------ Supplied material ------
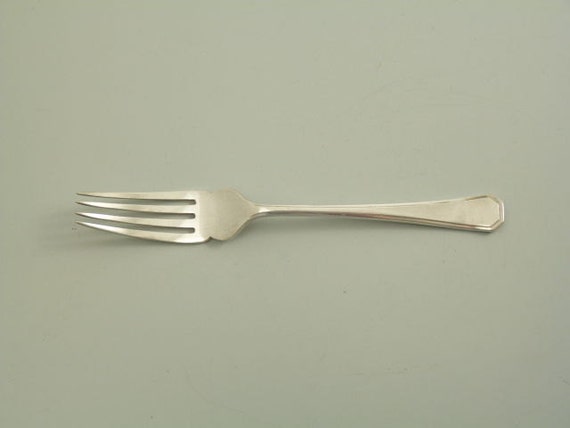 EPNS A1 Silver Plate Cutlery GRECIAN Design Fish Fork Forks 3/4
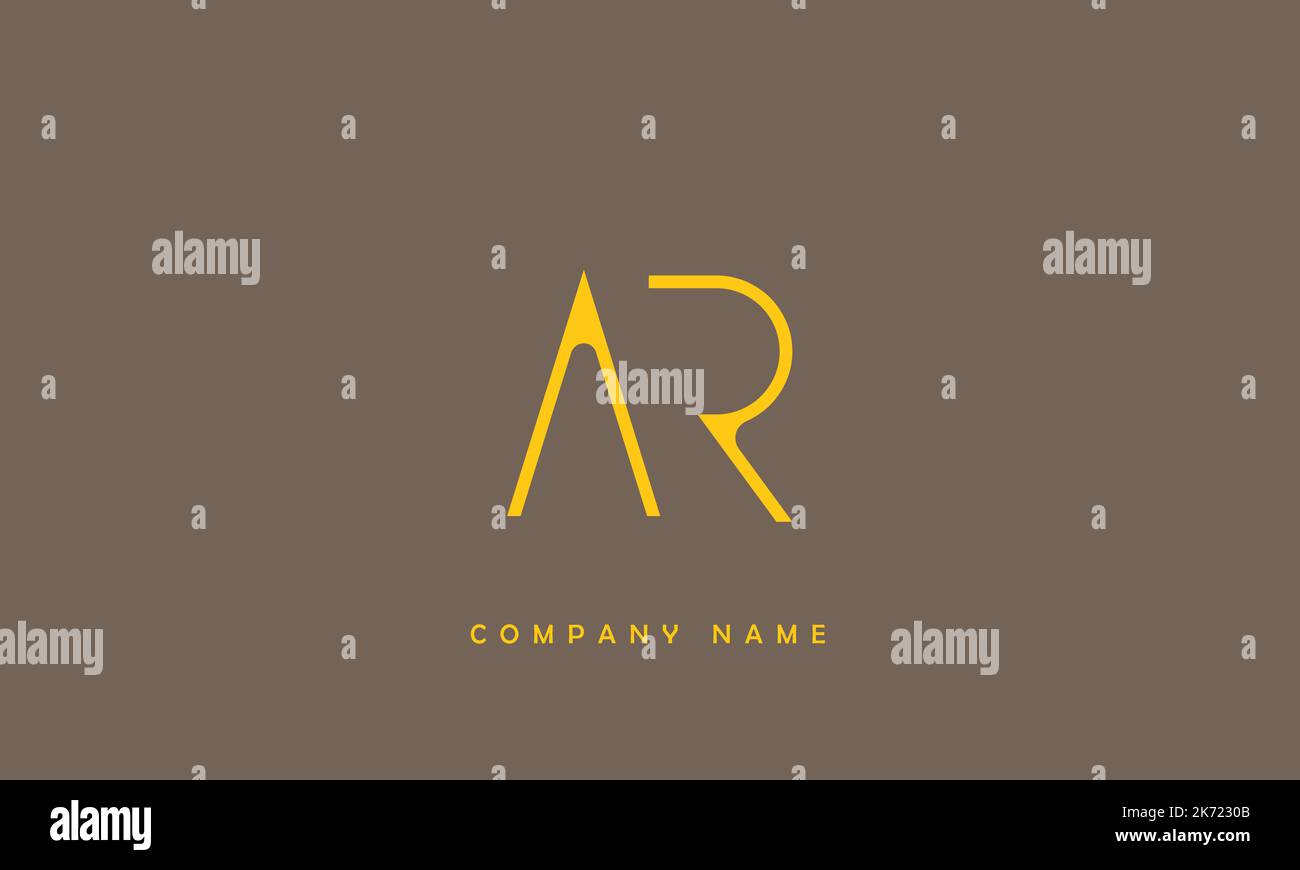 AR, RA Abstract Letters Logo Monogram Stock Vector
------
------ Supplied material ------
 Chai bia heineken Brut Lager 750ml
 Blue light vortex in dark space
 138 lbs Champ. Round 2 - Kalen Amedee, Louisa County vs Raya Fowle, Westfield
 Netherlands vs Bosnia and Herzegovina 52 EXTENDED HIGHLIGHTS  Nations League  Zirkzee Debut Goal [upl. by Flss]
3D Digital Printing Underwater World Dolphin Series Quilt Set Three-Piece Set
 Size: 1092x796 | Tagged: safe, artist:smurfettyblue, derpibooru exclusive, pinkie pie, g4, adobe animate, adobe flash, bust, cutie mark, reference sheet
------
------ Supplied material ------
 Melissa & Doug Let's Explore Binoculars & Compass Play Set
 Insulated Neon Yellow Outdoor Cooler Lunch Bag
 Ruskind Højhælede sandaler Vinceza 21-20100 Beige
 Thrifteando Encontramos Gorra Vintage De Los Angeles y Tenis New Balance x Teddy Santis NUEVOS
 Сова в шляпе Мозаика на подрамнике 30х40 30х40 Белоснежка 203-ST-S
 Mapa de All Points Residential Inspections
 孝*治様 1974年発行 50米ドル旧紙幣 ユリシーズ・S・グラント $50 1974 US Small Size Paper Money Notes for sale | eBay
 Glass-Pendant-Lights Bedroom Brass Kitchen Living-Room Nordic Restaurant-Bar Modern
------
--- What the task asks ---
The reply should hold only the lines of the listing above starting at the line containing "孝*治様 1974年発行 50米ドル旧紙幣" and ending at the line containing "Glass-Pendant-Lights Bedroom Brass", exactly as written.

--- Answer to this problem ---
 孝*治様 1974年発行 50米ドル旧紙幣 ユリシーズ・S・グラント $50 1974 US Small Size Paper Money Notes for sale | eBay
 Glass-Pendant-Lights Bedroom Brass Kitchen Living-Room Nordic Restaurant-Bar Modern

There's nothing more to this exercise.